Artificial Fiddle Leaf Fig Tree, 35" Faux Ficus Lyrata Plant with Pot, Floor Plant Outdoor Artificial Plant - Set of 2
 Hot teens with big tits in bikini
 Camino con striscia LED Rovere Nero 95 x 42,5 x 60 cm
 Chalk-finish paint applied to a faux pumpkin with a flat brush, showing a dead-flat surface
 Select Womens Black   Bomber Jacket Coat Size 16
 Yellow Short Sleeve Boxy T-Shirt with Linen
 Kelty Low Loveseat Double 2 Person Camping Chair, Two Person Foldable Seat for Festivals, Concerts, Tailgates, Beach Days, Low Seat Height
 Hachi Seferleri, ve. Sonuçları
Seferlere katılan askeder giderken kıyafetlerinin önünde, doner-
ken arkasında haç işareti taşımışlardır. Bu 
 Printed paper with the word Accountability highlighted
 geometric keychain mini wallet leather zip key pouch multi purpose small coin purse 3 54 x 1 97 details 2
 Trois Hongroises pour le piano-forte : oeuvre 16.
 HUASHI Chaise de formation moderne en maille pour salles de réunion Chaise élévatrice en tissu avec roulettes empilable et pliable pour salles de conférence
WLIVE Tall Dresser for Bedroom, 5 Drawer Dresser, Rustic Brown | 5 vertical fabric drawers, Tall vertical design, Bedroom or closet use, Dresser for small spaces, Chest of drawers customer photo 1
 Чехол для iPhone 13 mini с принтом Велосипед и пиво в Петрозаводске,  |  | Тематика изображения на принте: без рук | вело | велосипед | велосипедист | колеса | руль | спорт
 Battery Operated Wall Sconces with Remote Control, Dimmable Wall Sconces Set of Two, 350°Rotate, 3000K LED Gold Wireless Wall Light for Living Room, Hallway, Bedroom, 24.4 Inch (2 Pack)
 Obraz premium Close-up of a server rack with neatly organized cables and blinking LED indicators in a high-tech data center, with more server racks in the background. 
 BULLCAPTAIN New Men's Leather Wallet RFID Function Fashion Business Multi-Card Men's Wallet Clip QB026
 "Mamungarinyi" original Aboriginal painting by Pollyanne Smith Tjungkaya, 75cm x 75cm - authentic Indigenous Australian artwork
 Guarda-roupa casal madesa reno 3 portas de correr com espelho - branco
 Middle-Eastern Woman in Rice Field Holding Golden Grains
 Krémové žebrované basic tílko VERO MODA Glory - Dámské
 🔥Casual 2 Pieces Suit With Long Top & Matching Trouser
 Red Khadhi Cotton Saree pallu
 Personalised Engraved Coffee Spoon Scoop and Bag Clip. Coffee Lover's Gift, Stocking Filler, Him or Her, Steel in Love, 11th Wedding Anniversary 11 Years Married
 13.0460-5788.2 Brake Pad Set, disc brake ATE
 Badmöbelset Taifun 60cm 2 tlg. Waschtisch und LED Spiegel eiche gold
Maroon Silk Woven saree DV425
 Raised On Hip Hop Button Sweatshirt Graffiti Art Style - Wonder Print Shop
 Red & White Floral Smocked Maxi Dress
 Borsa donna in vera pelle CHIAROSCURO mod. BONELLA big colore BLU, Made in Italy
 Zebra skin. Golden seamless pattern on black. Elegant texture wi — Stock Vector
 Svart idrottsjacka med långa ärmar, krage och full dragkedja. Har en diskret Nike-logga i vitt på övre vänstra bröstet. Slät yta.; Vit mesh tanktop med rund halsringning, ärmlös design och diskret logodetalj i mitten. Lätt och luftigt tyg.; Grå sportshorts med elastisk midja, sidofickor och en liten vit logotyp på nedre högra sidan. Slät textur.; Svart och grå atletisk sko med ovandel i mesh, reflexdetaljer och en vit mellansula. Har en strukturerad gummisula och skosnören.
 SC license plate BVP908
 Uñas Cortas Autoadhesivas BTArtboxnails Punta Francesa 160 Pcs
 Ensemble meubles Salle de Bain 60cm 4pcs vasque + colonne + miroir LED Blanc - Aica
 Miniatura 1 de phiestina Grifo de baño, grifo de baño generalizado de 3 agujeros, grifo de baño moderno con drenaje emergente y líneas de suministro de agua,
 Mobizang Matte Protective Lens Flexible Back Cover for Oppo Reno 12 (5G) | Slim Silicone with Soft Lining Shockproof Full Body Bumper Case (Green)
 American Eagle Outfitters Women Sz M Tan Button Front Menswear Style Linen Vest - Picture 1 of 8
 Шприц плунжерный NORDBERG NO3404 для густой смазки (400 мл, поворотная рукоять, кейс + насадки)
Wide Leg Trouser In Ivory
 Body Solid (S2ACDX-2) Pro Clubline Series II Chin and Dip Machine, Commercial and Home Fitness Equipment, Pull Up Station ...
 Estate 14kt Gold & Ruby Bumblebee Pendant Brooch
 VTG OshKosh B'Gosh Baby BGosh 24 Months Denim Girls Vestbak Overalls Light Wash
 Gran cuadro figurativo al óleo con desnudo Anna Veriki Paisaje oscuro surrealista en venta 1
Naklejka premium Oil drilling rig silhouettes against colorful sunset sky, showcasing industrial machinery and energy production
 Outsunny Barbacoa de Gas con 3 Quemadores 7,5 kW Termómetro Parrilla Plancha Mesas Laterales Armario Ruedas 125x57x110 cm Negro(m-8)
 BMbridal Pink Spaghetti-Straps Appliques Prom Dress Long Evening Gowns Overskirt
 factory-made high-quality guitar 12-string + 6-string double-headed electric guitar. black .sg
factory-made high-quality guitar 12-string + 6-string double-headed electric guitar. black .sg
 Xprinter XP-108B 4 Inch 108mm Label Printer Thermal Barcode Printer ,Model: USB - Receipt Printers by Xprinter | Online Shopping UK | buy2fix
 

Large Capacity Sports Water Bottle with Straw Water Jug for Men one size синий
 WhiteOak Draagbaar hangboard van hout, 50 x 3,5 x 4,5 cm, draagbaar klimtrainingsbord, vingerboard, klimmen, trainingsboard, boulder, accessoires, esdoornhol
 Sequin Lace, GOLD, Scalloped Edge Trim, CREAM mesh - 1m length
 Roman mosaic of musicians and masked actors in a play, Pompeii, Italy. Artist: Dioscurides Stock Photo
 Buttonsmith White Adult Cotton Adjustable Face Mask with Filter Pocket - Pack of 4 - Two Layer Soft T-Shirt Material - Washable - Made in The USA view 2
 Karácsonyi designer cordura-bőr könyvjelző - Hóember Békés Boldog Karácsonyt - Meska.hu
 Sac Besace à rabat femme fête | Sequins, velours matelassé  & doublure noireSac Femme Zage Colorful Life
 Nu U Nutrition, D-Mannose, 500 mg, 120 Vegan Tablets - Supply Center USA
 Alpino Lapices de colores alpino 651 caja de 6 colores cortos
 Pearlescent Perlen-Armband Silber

§ Task objective:
Each line in the entries above, starting at the line with "Trois Hongroises pour" and ending at the line with "Чехол для iPhone", is to be printed exactly, and only those lines.

§ Exercise result:
 Trois Hongroises pour le piano-forte : oeuvre 16.
 HUASHI Chaise de formation moderne en maille pour salles de réunion Chaise élévatrice en tissu avec roulettes empilable et pliable pour salles de conférence
WLIVE Tall Dresser for Bedroom, 5 Drawer Dresser, Rustic Brown | 5 vertical fabric drawers, Tall vertical design, Bedroom or closet use, Dresser for small spaces, Chest of drawers customer photo 1
 Чехол для iPhone 13 mini с принтом Велосипед и пиво в Петрозаводске,  |  | Тематика изображения на принте: без рук | вело | велосипед | велосипедист | колеса | руль | спорт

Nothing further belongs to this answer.